In Mothering Magazine I read the testimony of parents who strictly adhered to the rule. They wrote about the hard plastic, talking doll someone had given their daughter for her birthday, and what fun they had desecrating that symbol of commercialism and stringing it up as a scarecrow in their Peace Garden.
I came across the very same article four years later, after having Smudge, while shelving at the library. I sat down and reread it. Mostly. Actually I closed it, snorted at it, and put it back none to gently.
How did I miss it the first time? How did I miss...that attitude? That sanctimonious fart sniffing!!!
Someone loves that little girl in the article enough to give her a present. Someone walked the aisle of a store, held that child in their mind, and pictured her smiling and hugging a new doll. They paid for it, probably a lot, too, from the sound of it, wrapped it and delivered it. And that is worth precisely...shit? to the Mothering Magazine people. And I don't know what a "Peace Garden" is but just the sound of it sort of pisses me off.
The article is filled with indignant disappointment at family member's failure to purchase and deliver the correct gifts to the Mothering's mother's precious little snowflakes. I have felt that disappointment creeping into me...and that article made me ashamed of it.
Ah...but what about my precious little snowflake?
I am so terribly proud of the presents I got my daughter this Christmas. A Bozo clown, (plastic, but forgiven for being so wonderfully creepy) a cobbler's bench, drums, and a elegant, tiny little red piano. And, a Bilibo, completely plastic but with good reason.
And I love the person that sent the McDonald's pack. And dammit, I know they love Smudge so much. I also know they have a dozen people to buy Christmas for on a tight budget, and I know that, unlike me, their heads aren't shoved quite far enough up their butts to weigh libertarian integrities when buying a little baby a fun gift.
So they sent the McDonald's pack. It bothers me on near every level, as a toy for my daughter.
I don't want to be the Mothering Magazine fart sniffers.
I'm writing a thank you, and I mean it, thank you. Thank you for loving her, thank you for the effort.
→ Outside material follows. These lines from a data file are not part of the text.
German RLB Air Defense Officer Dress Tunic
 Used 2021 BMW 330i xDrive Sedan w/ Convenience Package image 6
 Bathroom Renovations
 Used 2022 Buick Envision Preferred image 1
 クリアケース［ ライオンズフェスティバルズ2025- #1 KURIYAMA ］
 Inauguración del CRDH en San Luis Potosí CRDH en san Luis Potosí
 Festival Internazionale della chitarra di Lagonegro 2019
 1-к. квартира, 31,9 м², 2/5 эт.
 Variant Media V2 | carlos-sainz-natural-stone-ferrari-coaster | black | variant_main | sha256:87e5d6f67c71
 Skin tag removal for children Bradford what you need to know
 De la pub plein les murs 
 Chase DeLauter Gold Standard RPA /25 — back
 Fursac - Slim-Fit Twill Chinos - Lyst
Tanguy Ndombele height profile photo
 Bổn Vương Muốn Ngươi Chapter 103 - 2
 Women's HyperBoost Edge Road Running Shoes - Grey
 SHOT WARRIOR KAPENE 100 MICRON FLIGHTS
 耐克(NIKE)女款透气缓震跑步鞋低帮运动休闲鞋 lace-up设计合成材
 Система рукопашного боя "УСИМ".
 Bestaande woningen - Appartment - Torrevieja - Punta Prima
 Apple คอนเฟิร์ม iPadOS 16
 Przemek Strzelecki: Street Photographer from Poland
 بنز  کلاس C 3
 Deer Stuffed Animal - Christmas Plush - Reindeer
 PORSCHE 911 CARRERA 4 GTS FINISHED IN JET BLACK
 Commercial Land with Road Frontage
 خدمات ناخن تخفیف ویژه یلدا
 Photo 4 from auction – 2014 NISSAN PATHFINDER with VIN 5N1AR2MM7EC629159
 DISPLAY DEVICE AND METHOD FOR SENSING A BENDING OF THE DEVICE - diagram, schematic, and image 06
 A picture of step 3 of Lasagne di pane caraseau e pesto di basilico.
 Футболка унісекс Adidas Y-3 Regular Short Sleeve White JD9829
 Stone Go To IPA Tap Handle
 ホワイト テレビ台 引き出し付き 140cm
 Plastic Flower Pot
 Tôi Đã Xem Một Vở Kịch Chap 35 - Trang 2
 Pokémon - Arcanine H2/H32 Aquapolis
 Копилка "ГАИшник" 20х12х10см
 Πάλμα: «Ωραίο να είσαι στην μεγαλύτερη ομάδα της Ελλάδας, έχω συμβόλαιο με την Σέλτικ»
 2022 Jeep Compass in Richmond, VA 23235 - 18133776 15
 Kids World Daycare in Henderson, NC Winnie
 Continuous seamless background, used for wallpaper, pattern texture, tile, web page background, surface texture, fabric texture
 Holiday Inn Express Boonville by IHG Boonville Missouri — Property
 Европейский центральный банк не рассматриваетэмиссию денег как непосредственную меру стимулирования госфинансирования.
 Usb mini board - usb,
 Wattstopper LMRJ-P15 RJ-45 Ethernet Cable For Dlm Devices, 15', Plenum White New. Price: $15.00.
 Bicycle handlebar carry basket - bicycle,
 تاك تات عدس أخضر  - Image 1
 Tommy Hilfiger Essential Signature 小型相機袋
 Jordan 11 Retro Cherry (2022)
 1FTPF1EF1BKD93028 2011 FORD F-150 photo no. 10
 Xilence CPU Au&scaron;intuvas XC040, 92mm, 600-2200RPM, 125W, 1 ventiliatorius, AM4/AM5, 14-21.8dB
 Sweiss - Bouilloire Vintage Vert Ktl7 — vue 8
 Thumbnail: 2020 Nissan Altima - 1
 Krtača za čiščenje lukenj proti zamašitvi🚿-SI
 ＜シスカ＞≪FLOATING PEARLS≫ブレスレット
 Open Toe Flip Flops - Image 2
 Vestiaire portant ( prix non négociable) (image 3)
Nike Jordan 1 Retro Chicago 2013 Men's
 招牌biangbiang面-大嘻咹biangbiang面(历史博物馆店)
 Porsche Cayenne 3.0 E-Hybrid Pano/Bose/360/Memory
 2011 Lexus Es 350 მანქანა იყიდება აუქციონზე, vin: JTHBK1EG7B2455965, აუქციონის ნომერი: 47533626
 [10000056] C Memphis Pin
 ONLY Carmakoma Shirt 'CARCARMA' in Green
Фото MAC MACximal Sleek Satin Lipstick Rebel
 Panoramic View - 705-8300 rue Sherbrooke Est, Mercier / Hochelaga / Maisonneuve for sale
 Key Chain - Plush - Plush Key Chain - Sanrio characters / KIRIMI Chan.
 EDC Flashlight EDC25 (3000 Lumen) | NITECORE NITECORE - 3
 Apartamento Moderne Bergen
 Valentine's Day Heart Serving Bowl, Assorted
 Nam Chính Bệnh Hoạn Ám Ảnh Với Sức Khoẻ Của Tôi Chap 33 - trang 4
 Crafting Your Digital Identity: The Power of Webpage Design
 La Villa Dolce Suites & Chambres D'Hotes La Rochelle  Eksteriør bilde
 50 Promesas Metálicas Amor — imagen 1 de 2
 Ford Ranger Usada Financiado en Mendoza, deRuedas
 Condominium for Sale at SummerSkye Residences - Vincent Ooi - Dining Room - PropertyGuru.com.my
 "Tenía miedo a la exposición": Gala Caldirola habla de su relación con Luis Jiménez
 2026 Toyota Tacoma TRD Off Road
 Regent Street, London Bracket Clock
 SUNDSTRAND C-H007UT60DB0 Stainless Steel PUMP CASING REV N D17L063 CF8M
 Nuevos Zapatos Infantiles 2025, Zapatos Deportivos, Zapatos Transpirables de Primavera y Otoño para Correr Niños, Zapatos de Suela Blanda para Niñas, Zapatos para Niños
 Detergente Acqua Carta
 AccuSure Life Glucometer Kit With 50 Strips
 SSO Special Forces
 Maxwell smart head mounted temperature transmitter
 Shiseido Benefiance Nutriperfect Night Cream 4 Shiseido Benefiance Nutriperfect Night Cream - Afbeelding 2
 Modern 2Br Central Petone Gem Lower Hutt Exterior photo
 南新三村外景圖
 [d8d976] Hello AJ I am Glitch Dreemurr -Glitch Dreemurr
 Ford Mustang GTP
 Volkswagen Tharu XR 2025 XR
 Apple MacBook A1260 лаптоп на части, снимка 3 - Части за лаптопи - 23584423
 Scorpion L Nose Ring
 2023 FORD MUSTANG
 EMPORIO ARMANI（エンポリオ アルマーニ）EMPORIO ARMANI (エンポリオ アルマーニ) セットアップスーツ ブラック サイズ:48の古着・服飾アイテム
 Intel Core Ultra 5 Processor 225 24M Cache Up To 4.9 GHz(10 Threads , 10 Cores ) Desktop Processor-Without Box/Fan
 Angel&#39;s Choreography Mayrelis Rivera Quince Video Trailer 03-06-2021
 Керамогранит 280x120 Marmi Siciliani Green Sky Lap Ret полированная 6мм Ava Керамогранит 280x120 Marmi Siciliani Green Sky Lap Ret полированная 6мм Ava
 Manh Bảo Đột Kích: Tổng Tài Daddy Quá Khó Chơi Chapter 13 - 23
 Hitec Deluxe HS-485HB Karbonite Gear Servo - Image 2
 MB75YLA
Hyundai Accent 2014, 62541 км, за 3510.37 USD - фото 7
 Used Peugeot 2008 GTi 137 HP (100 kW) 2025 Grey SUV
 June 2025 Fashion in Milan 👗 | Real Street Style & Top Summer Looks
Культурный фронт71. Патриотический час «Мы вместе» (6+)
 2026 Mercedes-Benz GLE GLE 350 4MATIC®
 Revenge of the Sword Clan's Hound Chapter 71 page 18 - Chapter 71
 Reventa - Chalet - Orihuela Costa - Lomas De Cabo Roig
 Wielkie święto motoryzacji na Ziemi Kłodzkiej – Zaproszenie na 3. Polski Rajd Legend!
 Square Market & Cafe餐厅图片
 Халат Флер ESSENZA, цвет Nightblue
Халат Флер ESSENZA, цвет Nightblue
But I'm giving it to Goodwill, unopened.
That is my problem, my deal, not theirs.
Monday, January 5, 2009
I don't know why. Sean said he would but didn't make his crepes, and it seemed such a blight on the happiness. Happiness just doesn't happen. Someone has to build and carry it. I carried it for weeks leading up to that day.
But that was just a tiny puncture through which 1000 pounds of pressure was seeking escape. Maybe I was going to melt down no matter what.
I spent a good portion of Christmas afternoon driving deep as I dared into the woods, then trespassing in fields of mud and snow crust. Screaming, crying, hating, all these things with no object. I came home and made a Christmas dinner, but it felt so pointless, the three of us, not talking around the table. I wasn't better till the next morning.
All this time later I still don't know what happened.
Tomorrow I'm taking a class. A 400 level composition class at the university Sean works at. It is not grad school, but it is real and it is progress and the universe handed it to me.